- _Task item_:
Check every line of the data below for "earrings". Copy each one that has it.

- _Supplied information_:
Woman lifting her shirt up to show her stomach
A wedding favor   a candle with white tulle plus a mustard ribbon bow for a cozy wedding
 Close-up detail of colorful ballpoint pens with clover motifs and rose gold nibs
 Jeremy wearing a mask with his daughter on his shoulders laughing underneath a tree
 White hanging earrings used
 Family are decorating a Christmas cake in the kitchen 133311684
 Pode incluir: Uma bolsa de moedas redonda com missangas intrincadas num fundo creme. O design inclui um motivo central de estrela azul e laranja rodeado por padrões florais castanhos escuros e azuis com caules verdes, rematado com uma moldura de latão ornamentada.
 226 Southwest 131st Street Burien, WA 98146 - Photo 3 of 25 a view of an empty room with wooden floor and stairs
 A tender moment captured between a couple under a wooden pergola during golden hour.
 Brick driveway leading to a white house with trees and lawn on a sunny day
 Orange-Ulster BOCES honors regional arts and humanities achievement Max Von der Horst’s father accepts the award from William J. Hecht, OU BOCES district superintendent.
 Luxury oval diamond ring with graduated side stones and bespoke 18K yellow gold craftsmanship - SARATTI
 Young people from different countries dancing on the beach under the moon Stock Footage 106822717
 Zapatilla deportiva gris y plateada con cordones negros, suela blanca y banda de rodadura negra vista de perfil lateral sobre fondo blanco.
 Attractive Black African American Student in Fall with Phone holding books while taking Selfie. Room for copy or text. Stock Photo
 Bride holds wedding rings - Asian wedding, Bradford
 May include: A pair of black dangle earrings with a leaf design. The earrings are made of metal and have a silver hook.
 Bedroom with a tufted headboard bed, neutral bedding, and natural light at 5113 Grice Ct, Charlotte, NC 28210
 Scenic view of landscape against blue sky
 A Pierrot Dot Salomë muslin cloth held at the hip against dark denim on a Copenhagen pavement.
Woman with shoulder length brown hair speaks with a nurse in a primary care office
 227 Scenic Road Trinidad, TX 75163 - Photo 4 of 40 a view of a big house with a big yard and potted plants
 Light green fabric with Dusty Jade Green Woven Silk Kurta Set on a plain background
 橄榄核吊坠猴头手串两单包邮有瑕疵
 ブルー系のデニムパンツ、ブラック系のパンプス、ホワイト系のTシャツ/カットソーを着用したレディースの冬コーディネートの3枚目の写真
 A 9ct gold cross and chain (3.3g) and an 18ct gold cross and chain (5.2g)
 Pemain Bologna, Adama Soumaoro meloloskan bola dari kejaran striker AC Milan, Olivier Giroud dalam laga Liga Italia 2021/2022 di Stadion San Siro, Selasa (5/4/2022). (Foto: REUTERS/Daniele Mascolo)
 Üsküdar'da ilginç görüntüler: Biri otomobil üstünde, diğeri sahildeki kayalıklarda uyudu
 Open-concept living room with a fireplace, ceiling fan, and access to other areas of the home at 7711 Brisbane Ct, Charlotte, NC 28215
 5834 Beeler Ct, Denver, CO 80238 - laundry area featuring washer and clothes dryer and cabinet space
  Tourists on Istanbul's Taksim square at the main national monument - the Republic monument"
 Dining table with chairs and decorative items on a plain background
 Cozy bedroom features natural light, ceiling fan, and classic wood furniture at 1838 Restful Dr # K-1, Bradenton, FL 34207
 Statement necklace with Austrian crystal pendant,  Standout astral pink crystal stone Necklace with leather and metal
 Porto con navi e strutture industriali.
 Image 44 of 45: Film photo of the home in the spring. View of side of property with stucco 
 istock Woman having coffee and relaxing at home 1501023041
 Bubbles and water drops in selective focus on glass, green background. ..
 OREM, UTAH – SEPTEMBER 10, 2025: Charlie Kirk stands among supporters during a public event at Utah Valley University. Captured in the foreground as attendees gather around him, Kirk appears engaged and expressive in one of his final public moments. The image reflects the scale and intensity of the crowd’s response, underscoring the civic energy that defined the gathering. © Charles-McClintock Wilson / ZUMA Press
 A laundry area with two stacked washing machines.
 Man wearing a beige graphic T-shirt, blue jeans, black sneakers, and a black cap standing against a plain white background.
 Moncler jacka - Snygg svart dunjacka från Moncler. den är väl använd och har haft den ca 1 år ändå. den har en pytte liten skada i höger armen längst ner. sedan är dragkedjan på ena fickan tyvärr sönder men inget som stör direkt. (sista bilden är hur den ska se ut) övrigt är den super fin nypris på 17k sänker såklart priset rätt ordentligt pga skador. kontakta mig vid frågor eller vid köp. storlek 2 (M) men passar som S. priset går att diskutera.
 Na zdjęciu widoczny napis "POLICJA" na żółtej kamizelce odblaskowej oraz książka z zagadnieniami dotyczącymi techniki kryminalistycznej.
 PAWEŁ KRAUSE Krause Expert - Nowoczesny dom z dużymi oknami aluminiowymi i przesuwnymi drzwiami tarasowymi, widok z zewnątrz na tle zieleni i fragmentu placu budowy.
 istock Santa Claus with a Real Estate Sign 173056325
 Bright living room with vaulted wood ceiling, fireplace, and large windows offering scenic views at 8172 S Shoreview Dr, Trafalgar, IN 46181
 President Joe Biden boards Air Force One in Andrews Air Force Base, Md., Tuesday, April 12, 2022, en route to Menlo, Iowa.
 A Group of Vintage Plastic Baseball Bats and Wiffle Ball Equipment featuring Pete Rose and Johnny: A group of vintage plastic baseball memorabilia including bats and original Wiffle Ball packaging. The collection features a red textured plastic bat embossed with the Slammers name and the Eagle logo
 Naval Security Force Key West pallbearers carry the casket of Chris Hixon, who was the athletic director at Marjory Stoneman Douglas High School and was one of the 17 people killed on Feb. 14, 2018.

- _Problem solution_:
 White hanging earrings used
 May include: A pair of black dangle earrings with a leaf design. The earrings are made of metal and have a silver hook.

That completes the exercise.